Mayor Reed: Turner Field could be ‘sold very soon’

Atlanta Mayor Kasim Reed has said that Turner Field could be “sold very soon” in an interview with WSB˗TV Channel 2 and the Atlanta Journal˗Constitution.

In the interview, Reed indicated that the city would give Georgia State University a “campus that they’ve never had before,” but then changed his language to indicate that a decision hasn’t been fully made.

Jenna Garland, Reed’s press secretary, said that despite the comments that nothing would be forthcoming soon.

“A decision won’t happen ‘within the next 24 hours’,” Garland said.

In Reed’s interview, he also said another caveat of the deal would be to connect the property with Zoo Atlanta.

Zoo Atlanta, as well as Turner Field are both owned by the Atlanta˗Fulton County Recreational Authority (AFCRA) which has representatives from both governmental entities on its board of directors.

AFCRA recently named William K. Whitner as the organization’s new chairman, and he says that it has had contact with Mayor Reed.

“We have had communications with the Mayor’s office as it relates to Turner Field’s future, but we are not in a position to speak at this time regarding any potential sale or use,” Whitner said.

Garland told The Signal that the intention for the Zoo Atlanta connection would be to better link the two facilities. Turner Field and Zoo Atlanta are approximately a mile and a half apart from each other.

A joint bid by Georgia State and the locally˗based Carter Real Estate firm is competing against others from private developers.

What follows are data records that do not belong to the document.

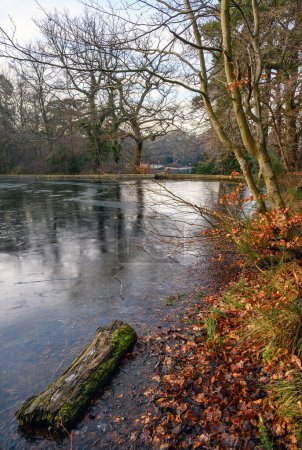 Téléchargez les photos : One of the Keston Ponds on Keston Common near the village of Keston in Kent, UK. A cold winter scene with ice on the surface of the pond. A log is in the frozen water and a bush has orange leaves. - en image libre de droit
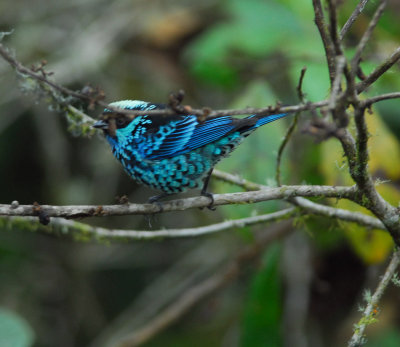 Beryl-spangled Tanager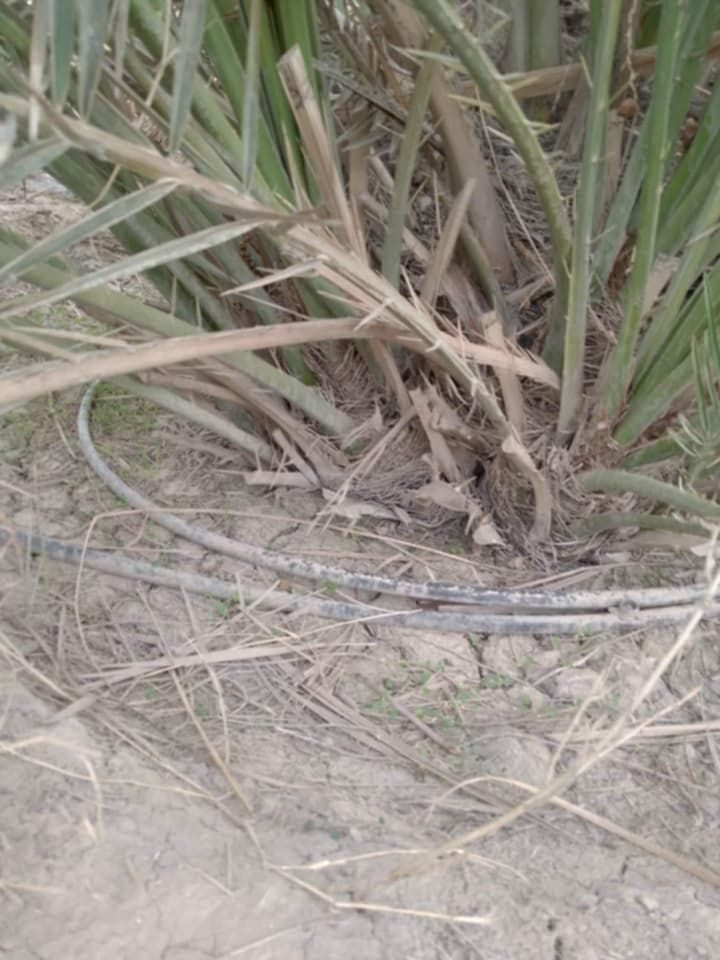 على بركة الله
متوفر فسائل بريم وبربن حجم وسط - متعدهن بالصنف وتجي بشهر 9 تشوف الام وتاكل منها
البريم. 25 الف.  - البربن.  20 الف
المكان ناصرية طريق المطار


**إذا كنت صاحب هذا الإعلان وتريد حذفه لأي سبب، رجاءا أرسل رسالة إلى الدعم الفني**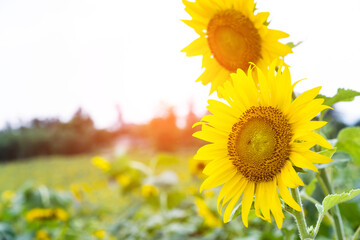 Sunflowers on background of sky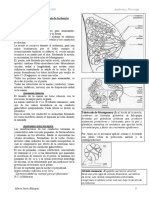 -Anatomia y Fisiologia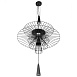 10141/600 Black Подвесной светильник LOFT IT Star - фото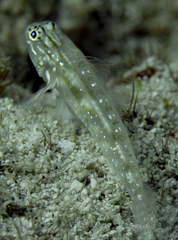 Coryphopterus eidolon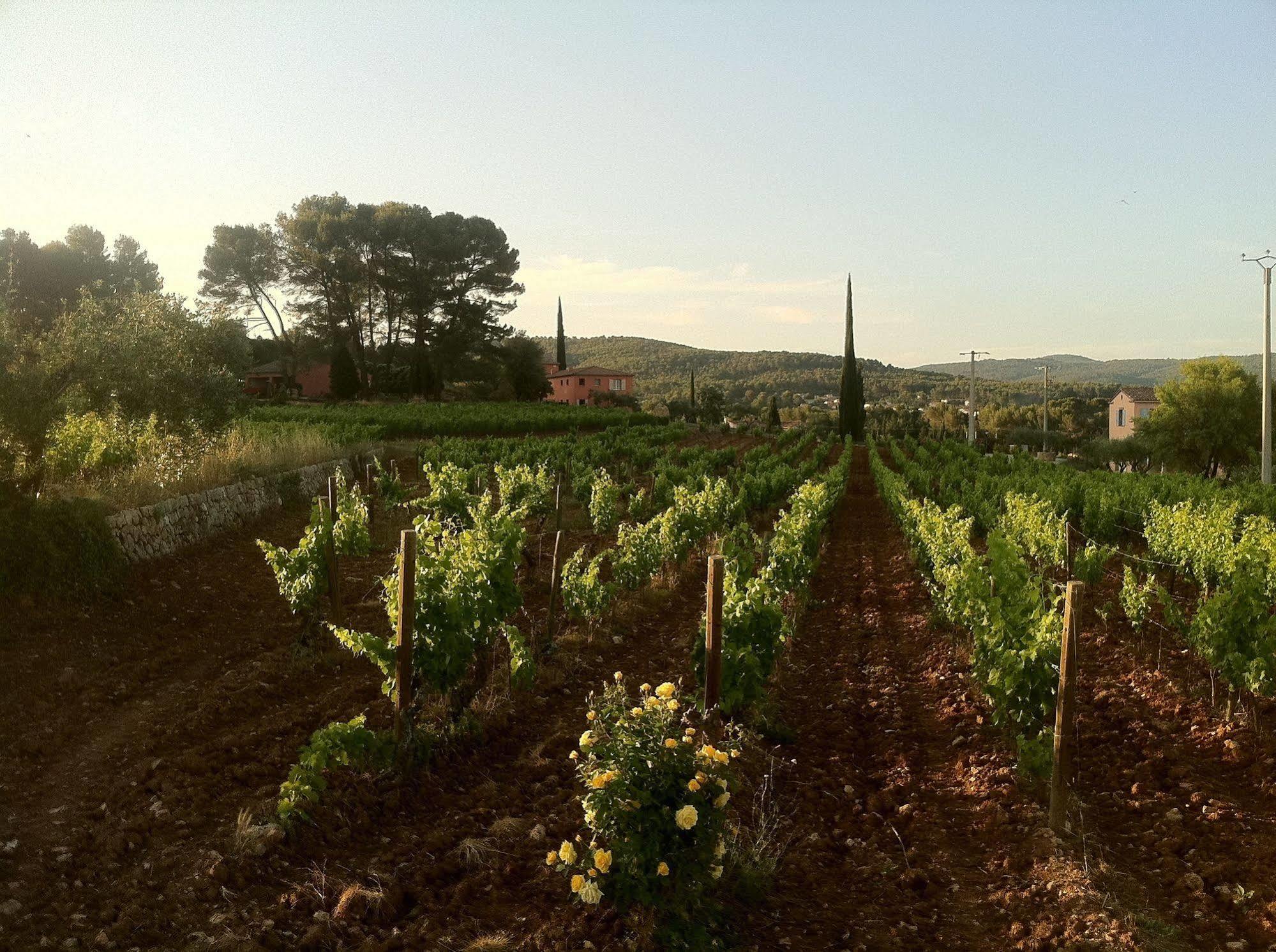Domaine Rabiega Flayosc Bagian luar foto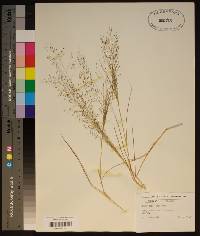 Eragrostis capillaris image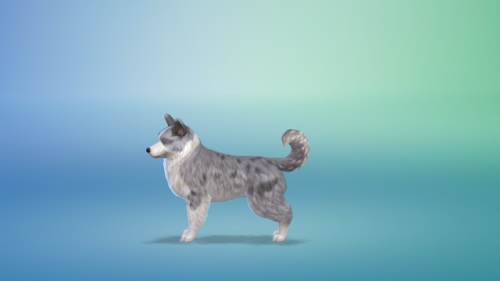 bowlofpixels : The Sims 4 CAP: Dog Breeds & Presets - Cardigan...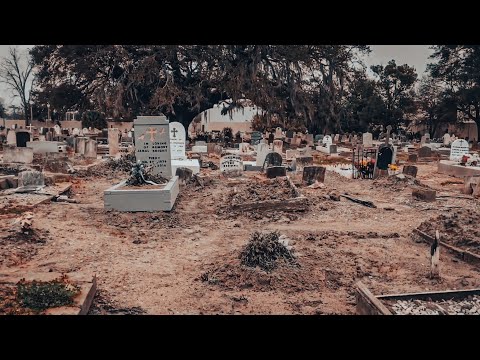 Cemetery Unlike Any Other in New Orleans | Holt Cemetery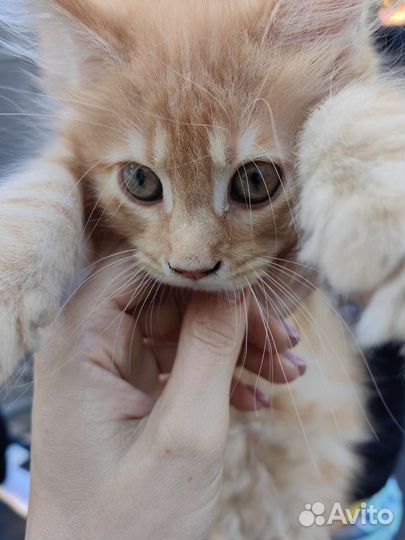 Котенок мейн-кун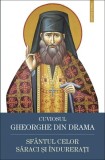 Viata Cuviosului Gheorghe din Drama. Carte Religioasa Crestinism, Editura Sophia. Paperback brosat.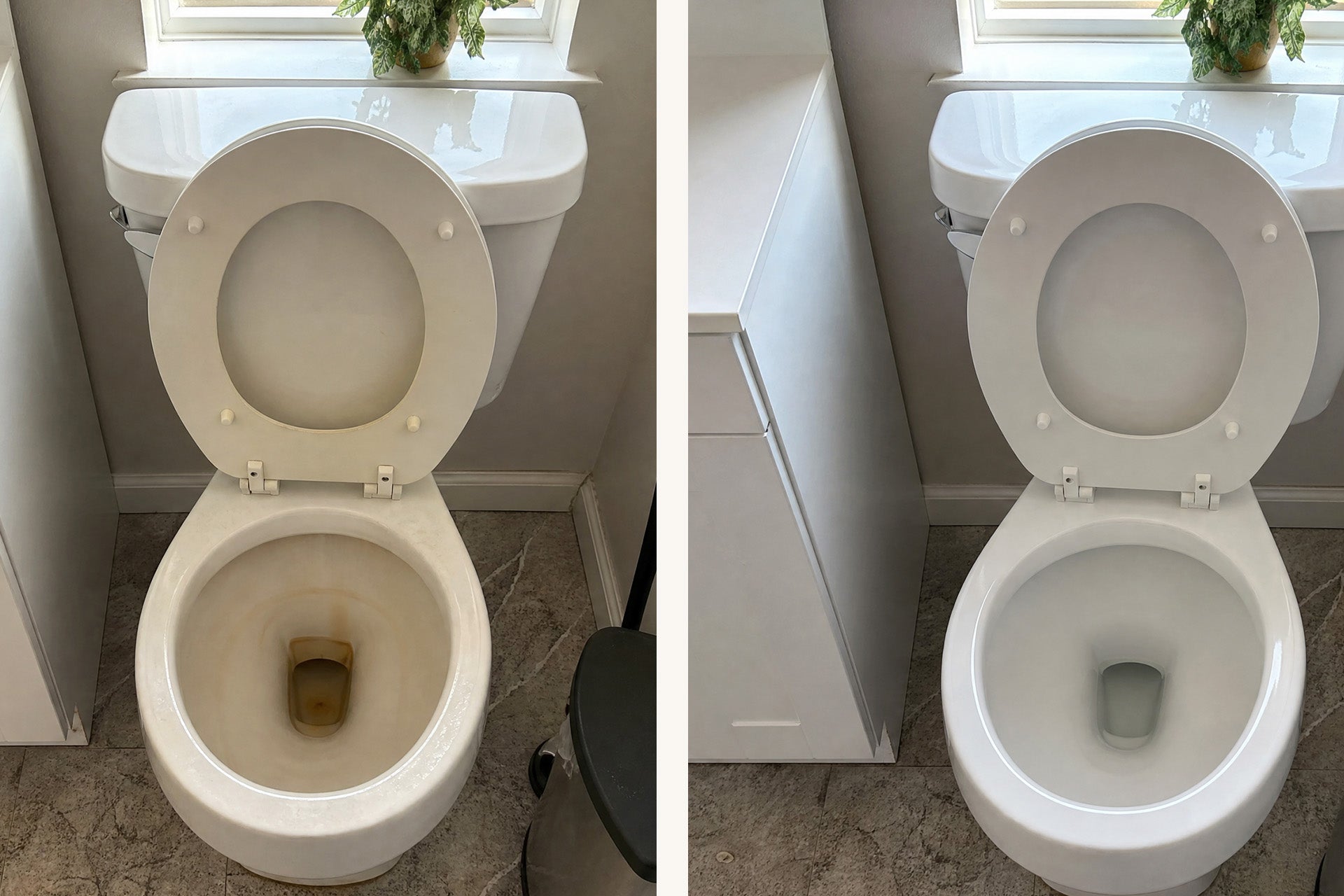 Probiotic Toilet Tablets customer review 1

Don Hale, a spokesman for Georgia State, said it would be “premature” for the university to offer any comment at this time. Carter also had no comment.

Georgia State’s proposal, which has been described by various university representatives as “preliminary” would include for Turner Field to be retrofitted into a 30,000 seat stadium for the football team.

A new baseball stadium would also be constructed on the site that was once the home of Atlanta˗Fulton County Stadium.

Retail space, expanded parking, and private housing would also be constructed if the city decides to go with Georgia State’s bid.

University president Mark Becker said at last month’s State of the University address that the housing complexes would be similar to the recently completed One Twelve Courtland complex at the corner of Courtland Street and John Wesley Dobbs Avenue.

The news also comes amidst Fulton County feeling it has been left out of the Turner Field negotiations and that the total price tag for selling the property could be upwards of $1 billion with additional developments.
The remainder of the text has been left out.